Girl eating Cheez-its wrote:
I can configure four screens, and they are:
Time, so I can see how close I am to breaking whatever
Lap pace, to keep me on track each mile
Average pace, to keep me on track per goal
Current pace, which is barely useful, but does allow me to see if I've slowed or sped up drastically before my mile split tells me - and it's too late to correct.
Now, I am not spending a lot of time looking at my watch, but it's nice to know that the info is there if I need it. If I could only have one metric, it would be lap pace.
Time: I think I would only look at that near the end of the race and at that point I am fighting to keep my pace from slowing.

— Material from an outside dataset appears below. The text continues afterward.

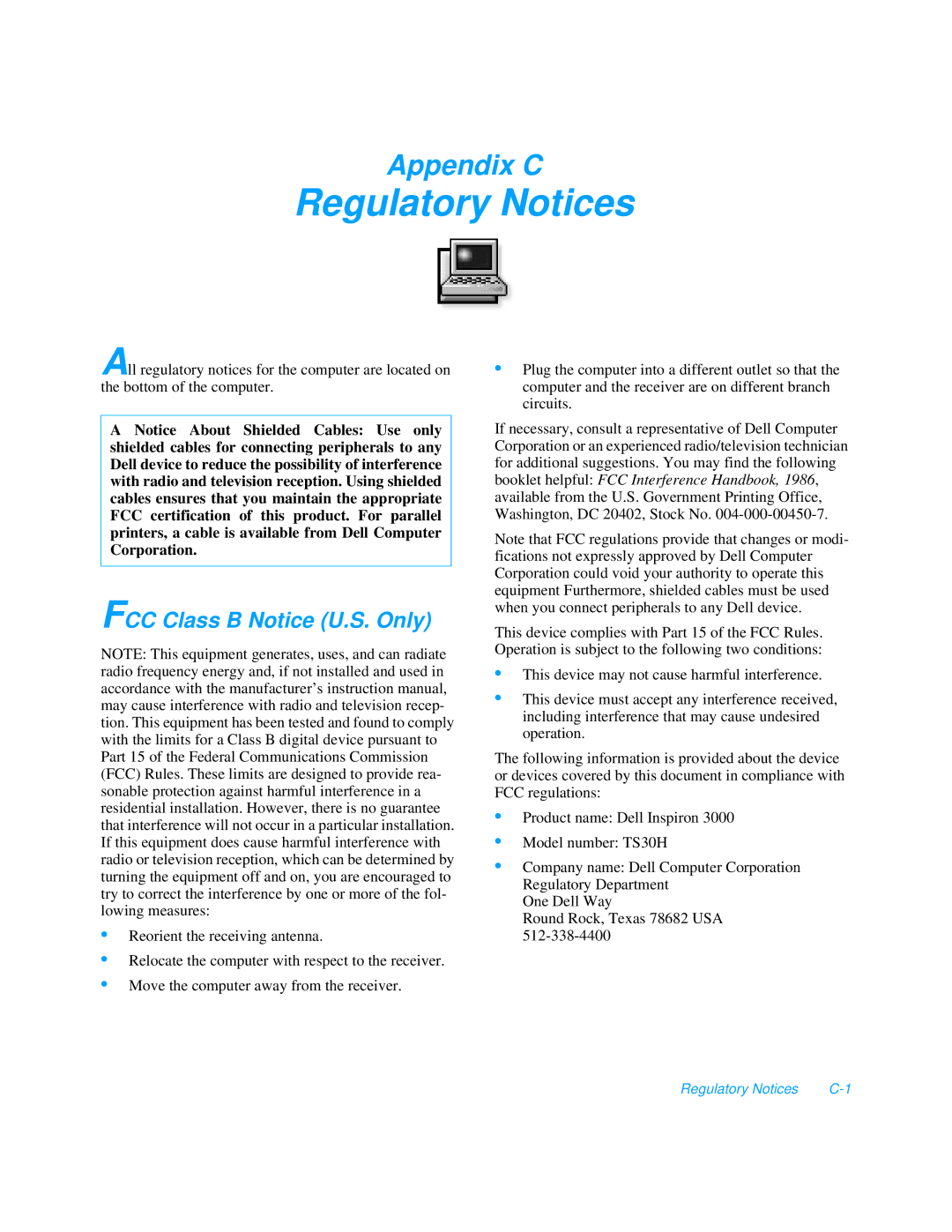 Dell 3000 manual Regulatory Notices, FCC Class B Notice U.S. Only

Lap pace so I can tell myself for the first 3 miles or so that I am going out too fast and need to slow down while for the last 8 miles I can see how much I am falling off my average pace. At this point I am fighting to not slow down so much that I miss my goals.
Average pace to see how far I am under my average goal pace for the entire race.
Current pace I have never found useful. I don't know if it is accurate on the Garmins I have used and prefer lap pace with the lap being a quarter mile. A quarter mile is short enough to let me know how much I slowed on the past hill and short enough to give me more feedback so my mile is not way too fast or too slow.
Distance: I don't want to really know how far I have run until mile 18 or so when it starts to hurt. At that point I count down the remaining miles by saying in my mind I have only 8 miles to go. 8 miles is a not a hard run in training is what I tell myself. I tell myself I can run 8 miles any day and will not waste the miles I have completed successful by giving up when I am so close to the finish. My Garmin gives my lap number for each quarter mile split so I can easily convert that in my head to total distance.
For training runs I only look at lap pace and average pace.